Ideas for the computing curriculum: #4 Fun and pointless? Why not?

Ideas for the computing curriculum: #4 Fun and pointless? Why not?

In this series I’m going to be making some suggestions, putting out some ideas. These are based on presentations I’ve given. I can think of how these ideas, or their implications, might be applied in the classroom. However, I think it better if I stand back and let you do that part of the work!

I’m a great believer in what has come to be known as “authentic learning”, that is school work based on real issues. But I still think there’s room for creating things that, ostensibly, have no purpose at all.

A case in point is the pair of alerts I set up in Excel once, using Visual Basic for Applications (VBA). I had created a spreadsheet assignment for the students, and on the spreadsheet I placed the following box:

A message box in VBA...

As you might have predicted, when a student clicked on the box, which of course was irresistible, they received the following alert, accompanied by a recording of my voice telling them to get back to work:

... and the inevitable response!

Pointless, right? Except that it piqued their curiosity:

“How did Sir do that?”

That led to an exploration of IF statements and “pseudocode”, and an exploration of how we might have made it a bit more complex, using IF-THEN-ELSE.

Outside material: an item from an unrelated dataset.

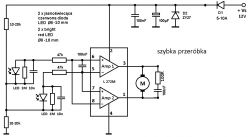 Simple solar tracker on the L272M for controlling solar panels.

There are a few lessons from this I think:

1. I’m a great believer in the good writer’s adage: show, don’t tell. Don’t say, for example, “He was angry”. Rather, say “He scrunched up the paper till his knuckles were white”. Similarly, set something up for the students to marvel at and explore. If I’d have said “today we’re going to look at IF statements”, I’d have probably been met with a collective groan. Get them interested first, and your work is made so much easier. Obvious, but worth stating nonetheless.

2. We covered IF-THEN and IF-THEN-ELSE statements, and we did so on a need-to-know basis. I didn’t try to teach them anything which might be considered to be prerequisites for learning those concepts. I think people can learn bundles of concepts in a non-linear way, and come back to them at a higher level or in greater depth at a later stage.

3. Just because something is apparently fun and pointless, doesn’t mean it isn’t actually serious and purposeful!